The House of Tudor was an important British royal house which shaped significantly the destiny of the British Isles during the 16th and late 15th century. Their paternal ancestors were Welsh; they descended from Ednyfed Fychan, who was Seneschal of Gwynedd in the service of Llywelyn the Great. They arose in prominence in the early 15th century, after Owen Tudor married Catherine of Valois, daughter of Charles VI of France. They became involved in the English Wars of the Roses on the Lancastrian side and through conquest at the Battle of Bosworth Field where Richard III was killed, Henry VII was crowned King of England.

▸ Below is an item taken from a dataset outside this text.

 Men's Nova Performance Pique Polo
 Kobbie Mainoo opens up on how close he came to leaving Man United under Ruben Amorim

In total, five Tudor monarchs reigned in the Kingdom of England between 1485 and 1603. The dynasty became extinct after Elizabeth I of England died without issue; all of their claims passed to the House of Stuart who already ruled the Kingdom of Scotland. The Tudor period straddled what has come to be known as the Renaissance in European history. State consolidation happened particularly under Henry VIII; he merged the Kingdom of England and his ancestral land the Principality of Wales with the Laws in Wales Acts. Ireland was raised from a lordship into a kingdom in 1542 and the rest of the Irish petty kings, surrendered and regranted their claims, joining the nobility.

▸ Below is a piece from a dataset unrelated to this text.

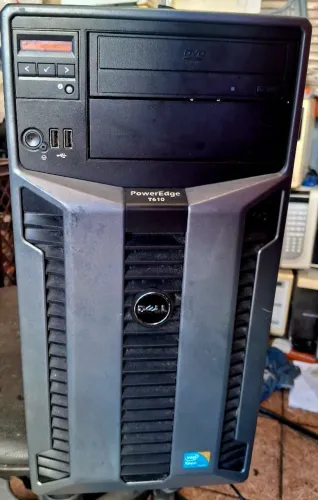 Servidor Dell PowerEdge T610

The Tudors were monarchs during a period of constantly shifting religious disposition. Henry VIII of England, a staunch Catholic who was given the title Defender of the Faith by Pope Leo X for his writings, came into conflict with Rome for reasons pertaining to marriage. As a result Henry VIII founded the Church of England and with it Anglicanism, with himself as head. During the reign of his young son, Edward VI, the Anglican church was Calvinised under the influence of the court and exiled Continental theologians. Queen Mary I, the wife of Philip II of Spain, briefly brought England back to the Catholic Church before Henry VIII's second daughter Elizabeth I instituted the Elizabethan settlement, solidifying Anglicanism within a paradigm of syncretic "compromise" as a via media.